It's not always easy to find talented players in the NFL draft that also happen to provide excellent character both in the practice room and off the field, but the Vikings certainly think they've found one in Trae Waynes.
In the opening presser two days before the draft, general manager Rick Spielman took care to emphasize character in their scouting evaluations and said a few guys were off their board for character concerns. One of the appeals of Waynes, according to Spielman, was his sterling character—something you can see if you look at some of the scouting reports built off of access to NFL scouts.
"I know that we've always tried to do our best in identifying character guys and if they are going to fit in our scheme and in our locker room and in our organization," Spielman said last night.
Known not just as a hard worker in the film room and the practice field, but as a coachable player who takes direction well, Waynes impressed Spielman last night once more.
After his selection was announced in the draft, he evidently visited a Children's Hospital. Spielman's brother-in-law has a friend whose daughter was in the hospital, scheduled for cleft palate surgery. Waynes took the time to visit her and someone snapped a picture and texted it to Spielman.
This kind of character is something the Vikings have been emphasizing the past few years. That feeling of "fit" within the locker room has been a particular focus for them and a phrase they've dropped in previous pressers, like Spielman did two days ago:
"We spent a lot of time going through some of these guys that are potential character or problem guys that you have read about, we spent time with them here in Minnesota, we spent time with them out on campus. We want to make sure these guys that have potential character issues, if they're going to be a fit or not."
Sometimes, that will eliminate a player from the board entirely. "There are some players, just to be honest with you, that regardless of where they're graded, whether they're a top round player or potentially a later round that we wouldn't bring in at all even as a free agent," Spielman revealed without specifying which of those players it may be.

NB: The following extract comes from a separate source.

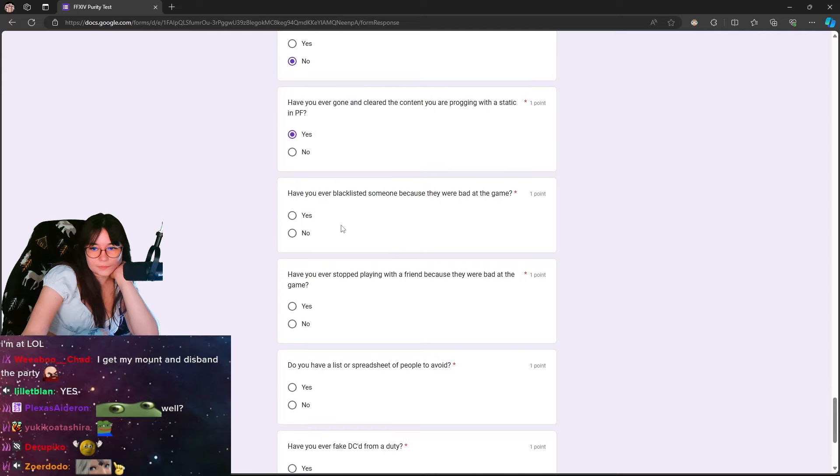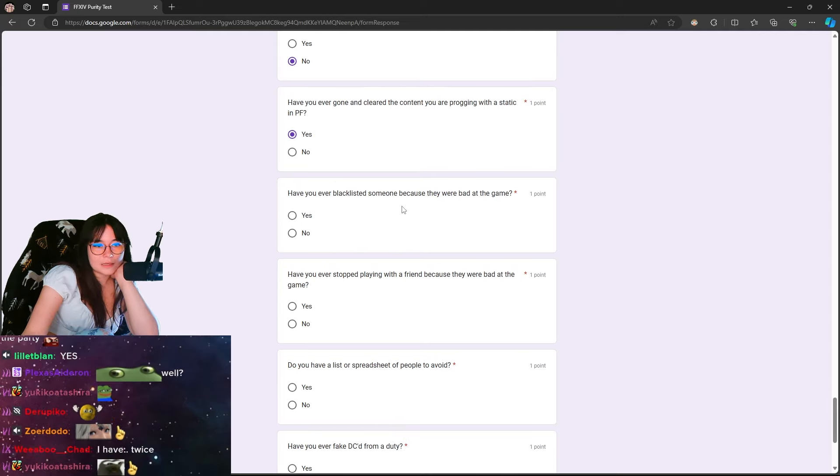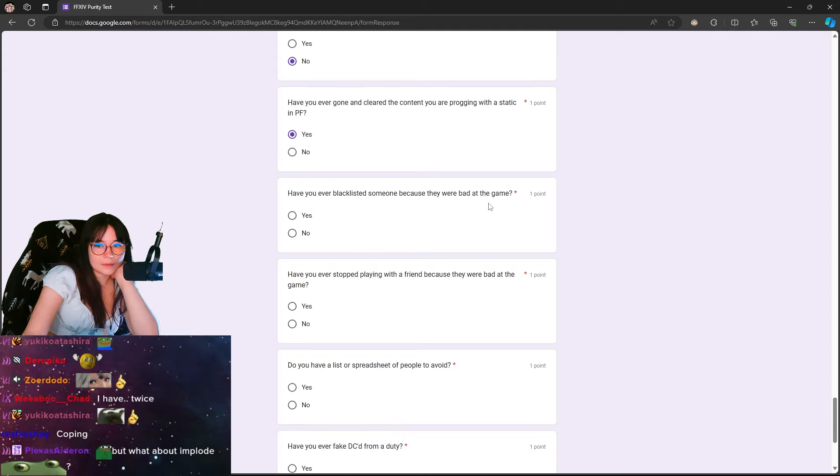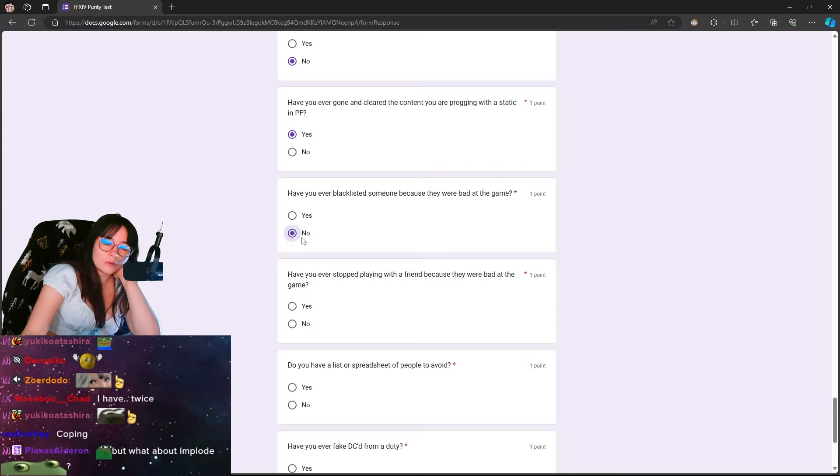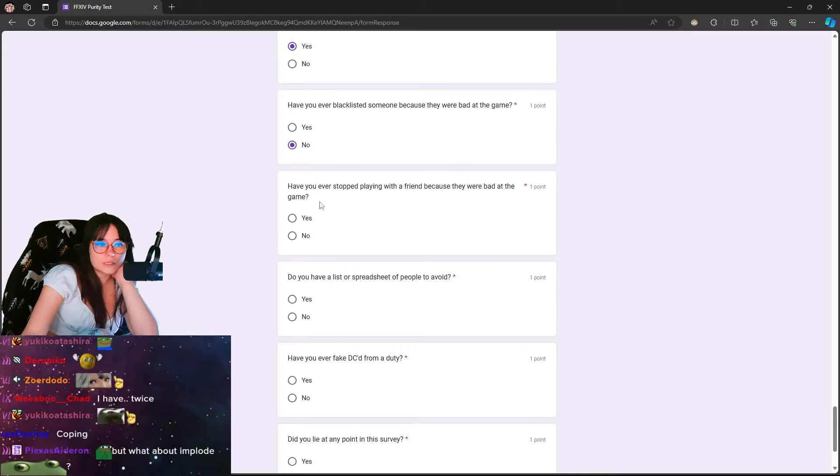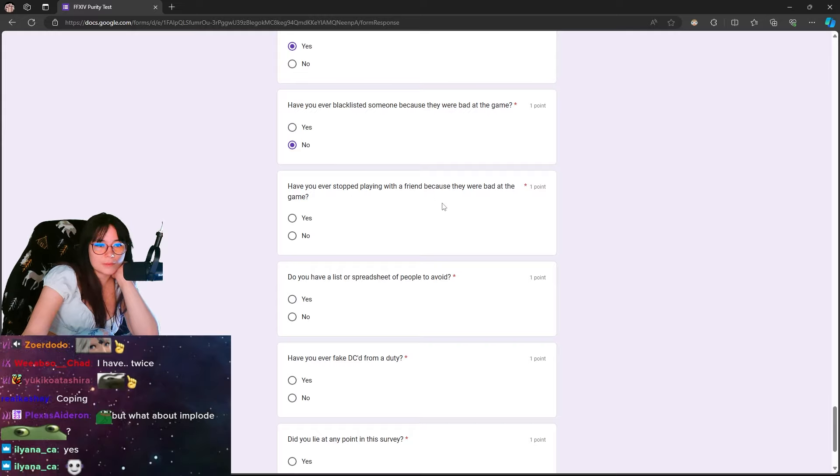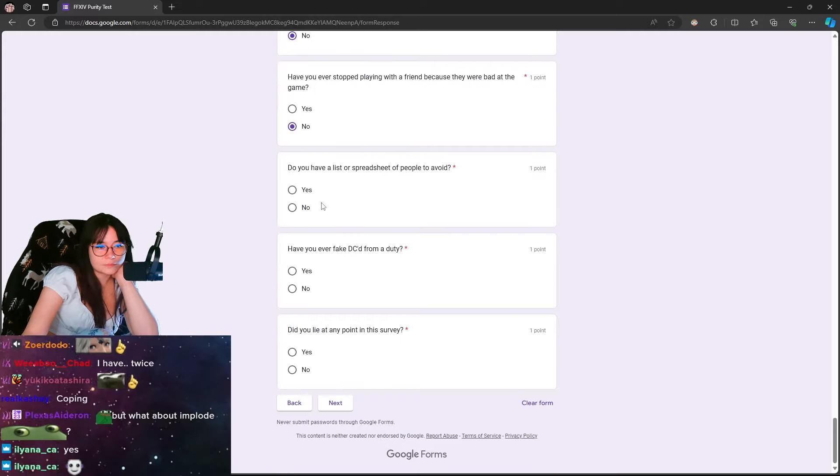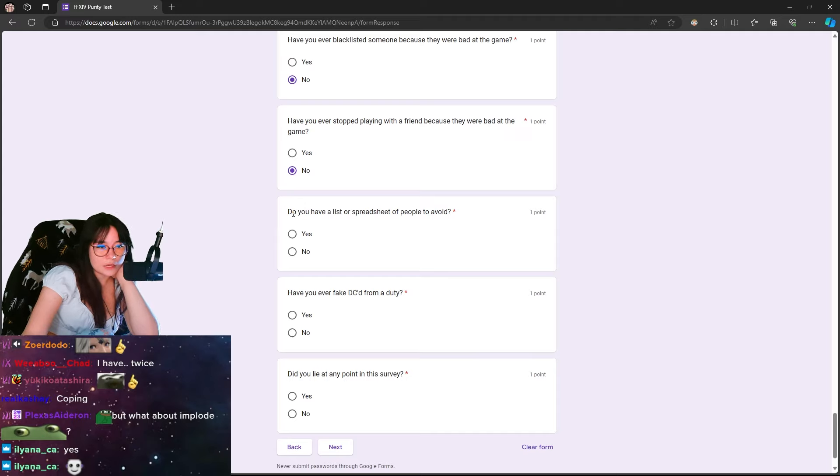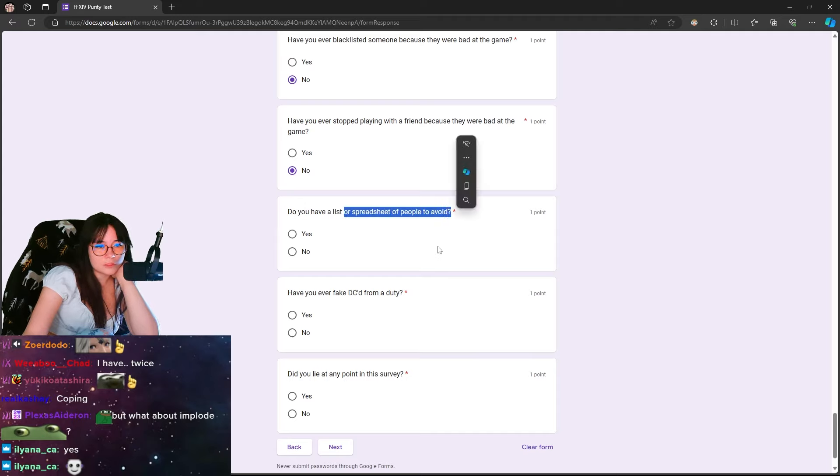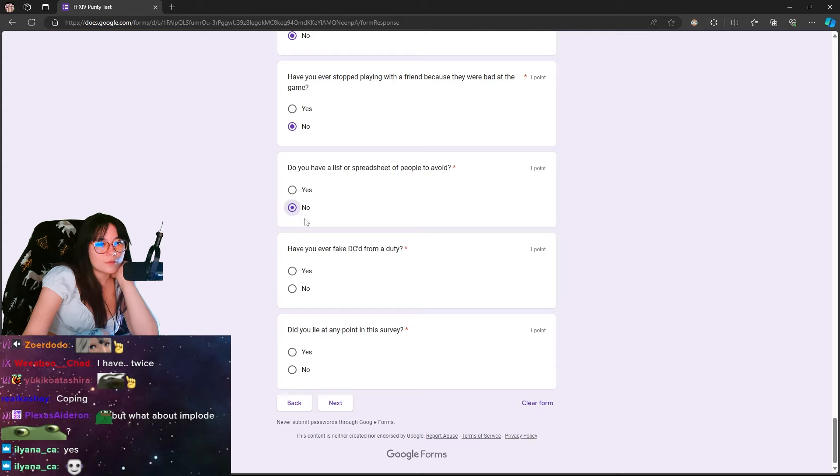Have you ever gone and cleared the content you were progging in with a static in PF? Yes. Have you ever blacklisted someone because they were bad at the game? No. Not if they're bad. Only if they're assholes. Have you ever stopped playing with a friend because they were bad at the game? No. I just don't play with them in the first place. Do you have a list or spreadsheet of people to avoid? No. Have you ever fake DC'd for a meme or duty? No. Did you lie at any point in this survey? No.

That's not a hard and fast rule, of course, and the front office is willing to give a chance to some players. Just yesterday he brought up that he won't exclude every character concern. "There's always going to be guys that do come out, young people make mistakes, and you have to try and make the best determination you can, if he's learned from that mistake and if he's going to be able to mature and grow up."
He was building on his opening statement two days ago in his predraft presser, "Some guys we can say, "Maybe not take at the point at the draft where he could potentially get drafted or is talented, but we'll take a swing if he's still there in the next round."

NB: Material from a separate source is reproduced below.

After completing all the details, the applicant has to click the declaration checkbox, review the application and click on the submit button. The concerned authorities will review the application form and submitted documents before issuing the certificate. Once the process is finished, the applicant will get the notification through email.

The process for finding those players is extensive. Not only is Mike Zimmer an extensive part of the process as he sits down with players and talks to them, there's an exhaustive investigative team and detailed psychological profiles employed by the team to that end.
"[The psychological consultants] do a lot from the psychological standpoint and we get a lot of different results - combatted attitude, social maturity, coachability. We've got 10 different categories that we look at. I'm not going to go into all 10 but those are a couple of examples of it," Spielman said. "It still comes down to interviewing these players, sitting in front of them, spending time with them and getting to know them as people.
"You've done, and I've looked back at thousands and thousands of interviews, and you always go back in your head, "Who does this kid remind me of?" and "What happened to that kid?" just like you do evaluating players. Then there are guys that, like I said, I just look straight at Coach Zim, "Can you handle this guy or not handle him?""
A lot of the psychological testing is part of a greater movement the Vikings are making towards analytics, but a lot of it has to do with making sure that they can find the right pieces—schematically and in the locker room—with the players they currently have.
A lot of you are familiar with my feelings on Trae Waynes as a schematic fit with the Vikings, but don't mistake that for disliking the person. He's an excellent human being.
At the very least, Mike Zimmer thinks you'll like him:
"You look back at our picks from a year ago, with Teddy and Anthony and now Trae. All these guys are the same kind of character people and it will bode well for the future of the Minnesota Vikings ... I want to make sure the guys we bring in are people our fans can be proud of."